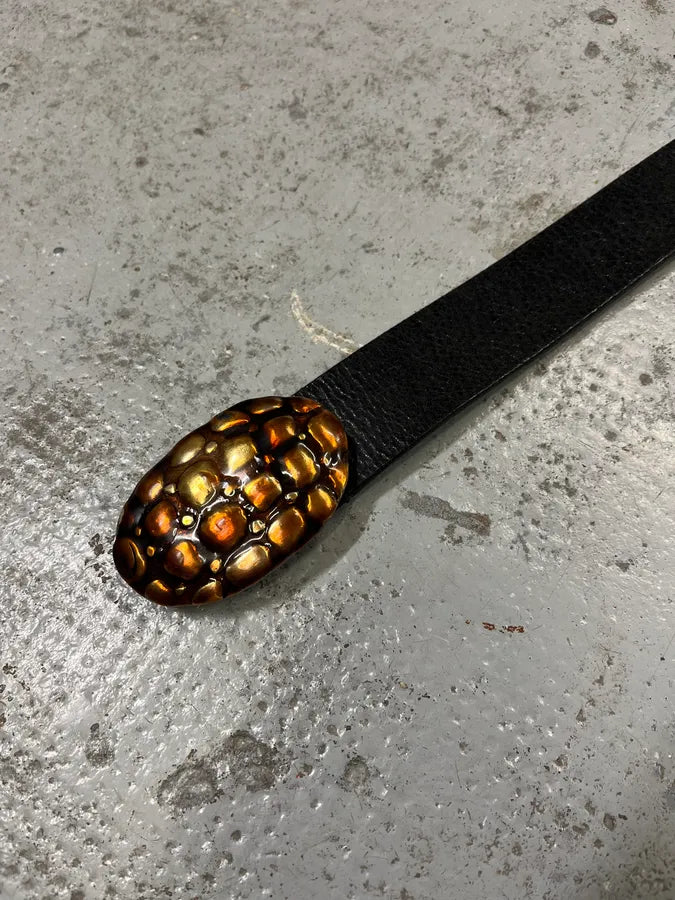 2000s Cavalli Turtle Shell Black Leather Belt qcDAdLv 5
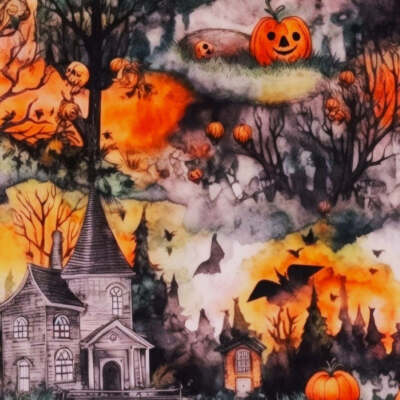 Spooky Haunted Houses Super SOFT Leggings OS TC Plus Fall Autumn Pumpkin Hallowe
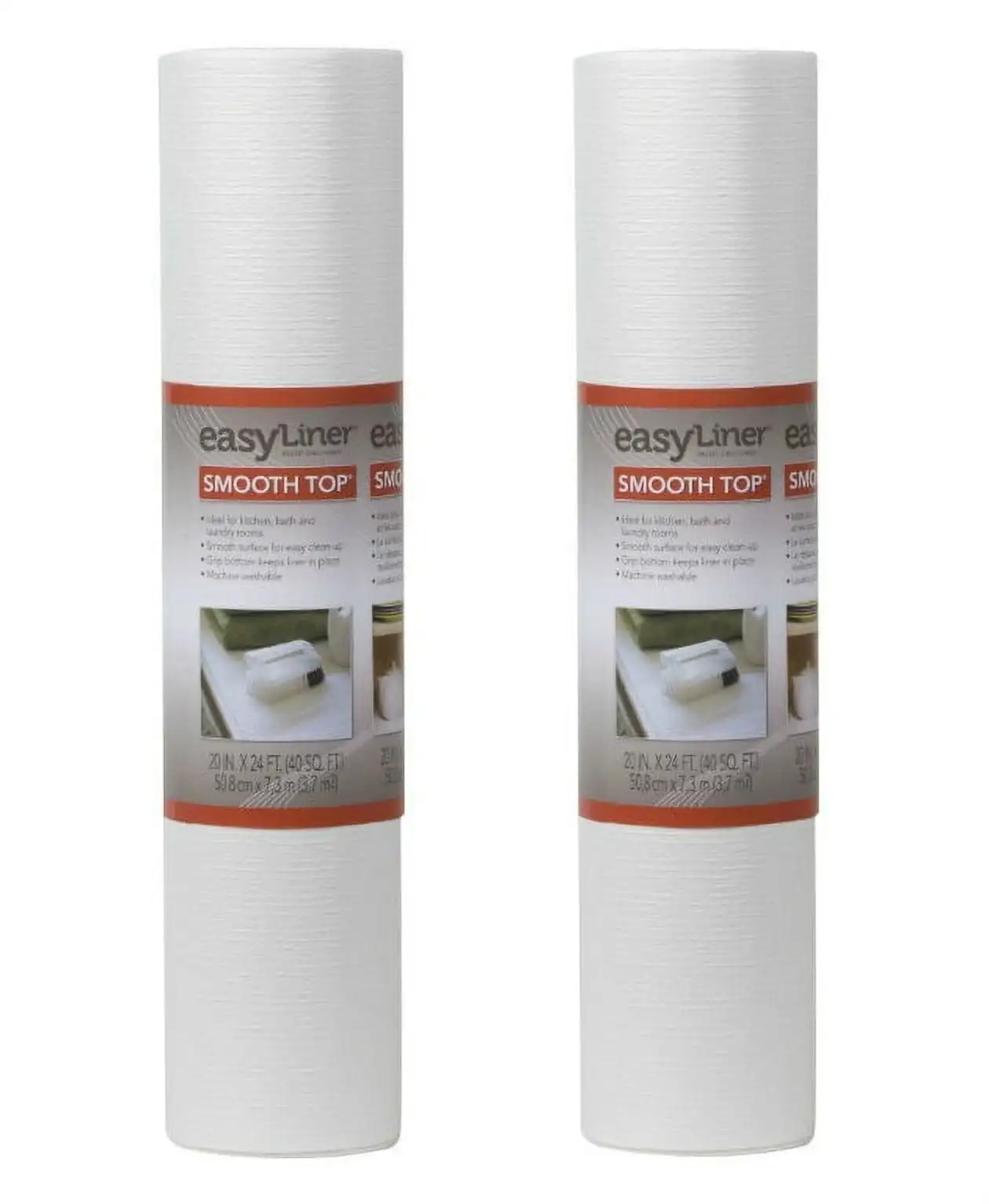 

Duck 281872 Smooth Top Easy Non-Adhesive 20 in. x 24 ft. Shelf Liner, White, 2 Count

Exercise details >> Write out the data word for word, with every picture dropped.

Response below >>
 2000s Cavalli Turtle Shell Black Leather Belt qcDAdLv 5
 Spooky Haunted Houses Super SOFT Leggings OS TC Plus Fall Autumn Pumpkin Hallowe

Duck 281872 Smooth Top Easy Non-Adhesive 20 in. x 24 ft. Shelf Liner, White, 2 Count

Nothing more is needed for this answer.